We agree with the trial court’s conclusion that the instant case falls squarely within the parameters delineated i Alliston. In Alliston, former Allentown city employees attempted to enforce an arbitration award in the common pleas court. The trial court declined to accept jurisdiction and this Court affirmed, holding

that the legislature’s mandate that the PLRB has exclusive jurisdiction in the prevention and enforcement of unfair labor practices . . . preclude the common pleas court from exercising jurisdiction over this proceeding.

Id. at 328, 455 A.2d at 243 (emphasis in original).[3]

The employees appealed our Alliston decision to the Supreme Court which, in a per curiam order without opinion, remanded the matter to the arbitrator for clarification of the award.

On the basis of that Supreme Court order, AFSCME argues that our legal conclusion has been reversed and contends that jurisdiction of Chambliss’ grievance resides with the common pleas court. We disagree.

The Supreme Court has consistently held that, for purposes of enjoining an arguably unfair labor practice, jurisdiction of the grievance resides in the PLRB. Hollinger v. Department of Public Welfare, 469 Pa. 358, 365 A.2d 1245 (1976). By remanding to the arbitrator for clarification and not issuing any enforcement orders to the employer, we believe that the Supreme Court order in Alliston preserved the exclusive jurisdiction of the PLRB as found in Section 1301 of the Public Employe Relations Act.[4]

Page 115

In the instant case, the starting point for inquiry is whether the dispute between Chambliss and the City involves an arguably unfair labor practice. We believe that this matter constitutes such a dispute and hold that the proper forum for resolution of that issue is with the PLRB.

Finding no error of law, we affirm the common pleas court order.

ORDER
The Philadelphia County Common Pleas Court order, No. 249 dated September 24, 1985, is affirmed.

[1] Pennsylvania Labor Relations Board v. Commonwealth (Bucks County Board of Assistance), 88 Pa. Pub. Employee R. 116 (1977); Pennsylvania Labor Relations Board v. Commonwealth,
7 Pa. Pub. Employee R. 304 (1976).

See Maggs v. Pennsylvania Labor Relations Board, 50 Pa. Commw. 549, 413 A.2d 453 (1980). Since the collective bargaining agreement granted individuals the right to pursue grievances, this was an issue of first impression for the hearing examiner.

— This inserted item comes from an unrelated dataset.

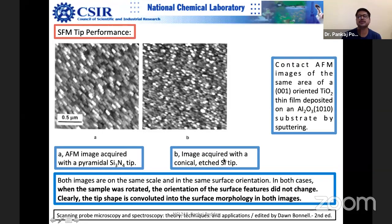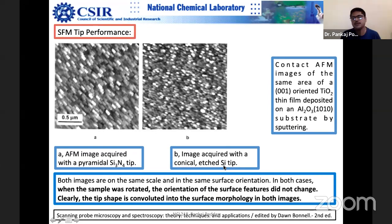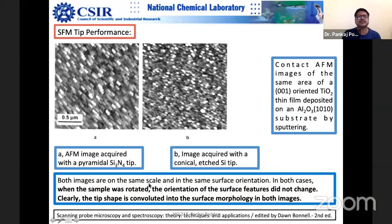Note that bar-shaped tapping mode tips can be used for contact mode, but contact mode V-shaped tips cannot be used for tapping mode — you cannot resonate the V-shape probe. Both images are on the same scale and in the same surface orientation. When the sample was rotated, the orientation of surface features did not change, clearly showing the tip shape is being imaged — this is a strong indicator of an artifact.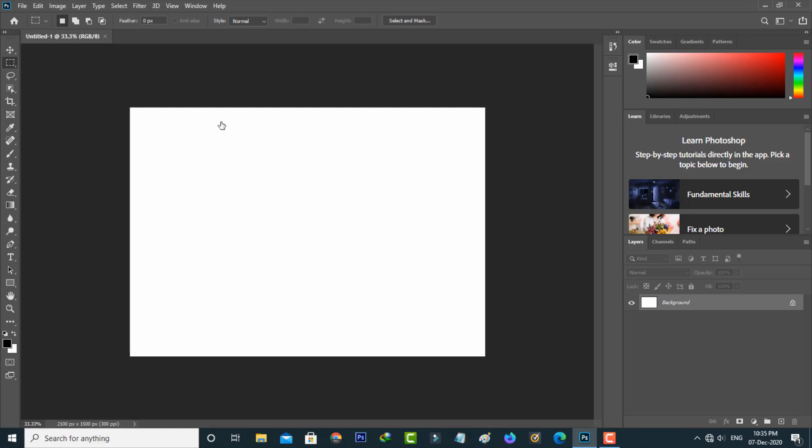This is the way you can easily fix your Adobe Photoshop error notifications by watching my tutorial. For more tech videos, subscribe to my tech channel Theta Box. Thanks for watching.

Neither party has challenged the ruling.

[2] Section 1201(a)(5) of the Act, 43 P. S. § 1101.1201(a)(5), reads as follows:

(a) Public employers, their agents or representatives are prohibited from:

. . . .

(5) Refusing to bargain collectively in good faith with an employe representative which is the exclusive representative of employes in an appropriate unit, including but not limited to the discussing of grievances with the exclusive representative.

[3] However, we vacated that part of the trial court’s order remanding the matter to the arbitrator reasoning that, without jurisdiction at the outset, further remedial orders made by it were meaningless.
[4] Act of July 23, 1970, P.L. 563, as amended, 43 P. S. § 1101.1301.